In the late 19th and early 20th century, most round diamonds were fashioned to display symmetry and sparkle, with limited results. Marcel Tolkowsky’s 1919 dissertation, “Diamond Design,” outlined the shape, facets and proportions necessary to create the optimal balance of brilliance, shadow and rainbows that make a diamond beautiful. Careful proportions allow light to stay within the stone, bouncing off of its many facets. Hence, the Round Brilliant Cut was born.
The modern brilliant cut has 57 or 58 facets. Several standards exist including the American cut and the Scandinavian. The more facets a gem has, the more it reflects light, both in its white form and divided into a rainbow. The shape is cone-like providing plenty of light to emerge from the stone’s top. Whenever a diamond is polished and cut there is always a weight loss even though with modern techniques, this has been reduced. Unfortunately, the loss is more often than not over 50%. If the original rough is an octahedron, then two diamonds may be formed from the one crystal.
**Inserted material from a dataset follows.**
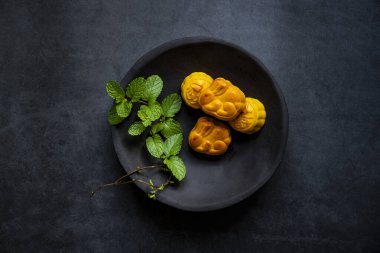 Ay çörekleri koyu gri arka planda izole bir tabakta. Geleneksel Çin Pastası, Sonbahar ortası Ay pastası, sufle.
Any diamond that has a top facet perpendicular to the bottom, along with as well as having its other facets aligned with excellent symmetry, may include patterns that resemble arrows when viewed from above, and hearts from below. Those who wish to see these plays of light may need to view them through a magnifying lens. Only specific types of round cuts display the hearts and arrows effect.
Due to their powerful fire, round brilliant cuts are one of the most popular types of diamonds. This type of stone makes a beautiful gift, and keeps its value throughout the years. When buying gems and jewelry in general, the purchaser’s taste will probably be prominent. Whatever type of gift you may be looking for, jewelry possessing a round brilliant will be treasured by its recipient.